シベリウス(Jean Sibelius 1865-1957)の生誕150年にあたる2015年の完成を目指して着実に進められている尾高忠明(1947-)指揮、札幌交響楽団による交響曲全曲録音の第3弾。今回収録されたのは、以下の2曲。
1) 交響曲 第4番 イ短調 op.63
2) 交響曲 第5番 変ホ長調 op.82
2014年及び2015年、札幌コンサートホールKitaraでライヴ収録されたもの。
当シリーズをこれまでずっと聴かせていただいているが、今回も期待に違わない素晴らしい演奏だ。札幌交響楽団の淡い色合いを持った弦楽合奏のベースが、これらの楽曲の特徴に合致し、音響と旋律の相補的な関係が、とてもマッチしている。

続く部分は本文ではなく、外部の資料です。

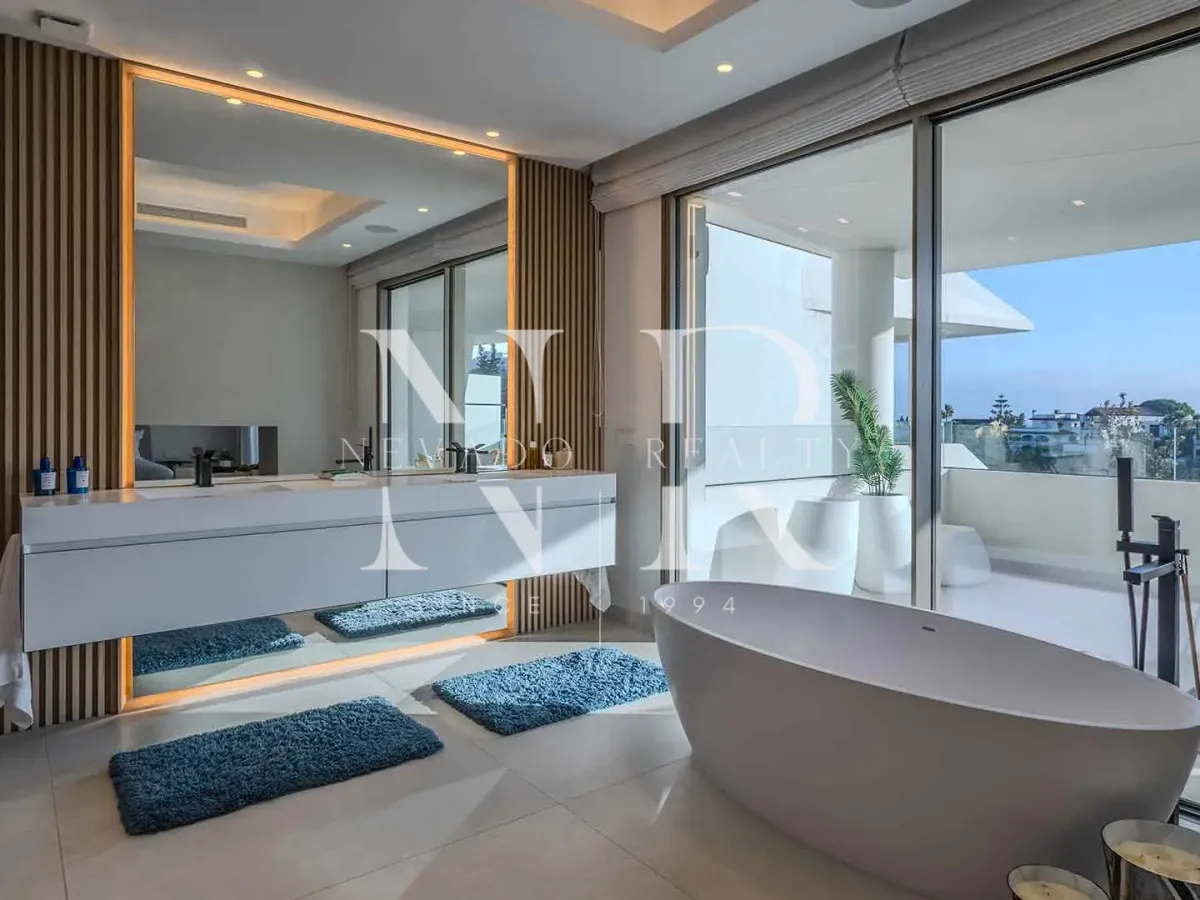 Newly built semi-detached villa in Nueva Andalucia with panoramic sea views for sale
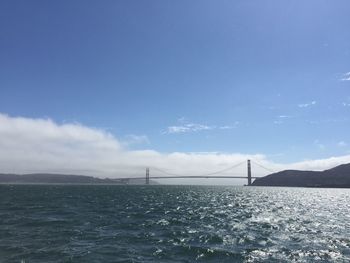 Scenic view of suspension bridge over sea against blue sky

交響曲第4番は難渋さのある楽曲で、シベリウスの音楽を深く愛する人以外には、なかなか聴かれることは少ないと思う。しかし、最近になって、この曲の解釈は様々に深まっており、その進化を楽しめるようになってきた。当演奏は、室内楽的な緊密さをベースとしながらも、時に旋律の断片に情緒的な味わいを加えることで、とても中庸を得た解釈となっているだろう。ほの暗い響きのなかから、北国を思わせる情感に溢れた楽器の響きが届いたとき、胸をすっと清涼な風が吹き抜けたかのような、透明な残り香を置いていく。時折垣間見られる飛躍的な展開も、間合いが自然で、緊密な受け渡しがあり、そのことで全体の均衡性が確保される。時に散漫さにつながりかねない難しい楽曲だけに、当演奏の質の高さを感じさせてくれるところだ。
交響曲第5番は逆に大らかな幸福感に満ちた音楽で、私も音楽を聴き始めたころから馴染んだ作品。この曲になると尾高の指揮も、より柔和な音響美にウェイトを移しており、豊饒で柔らかな金管の音色が広がっていくのを感じる。第1楽章のフィナーレ、それに第3楽章の解放感も自然賛歌的な大らかさに満ちていて、この曲になによりもふさわしい表現だと思う。その中間にある第2楽章の描写性のある素朴なニュアンスの交錯も、それぞれのフレーズが静謐さを持ちながらも暖かく行きかっていて、ぬくもりに溢れている。
それにしても、聴いていて、なぜか「北国の音」という感じがするのは不思議である。特に木管の透明な旋律が鳴るとき、弦のグラデーションがやや暗い色彩で広がるときに、私は北国の音色を感じ、そう形容したくなる。当録音にはそんな瞬間があちこちにある。シベリウスと札幌交響楽団の間に、北国的なシンパシーが通ったように感じ、うれしくなった。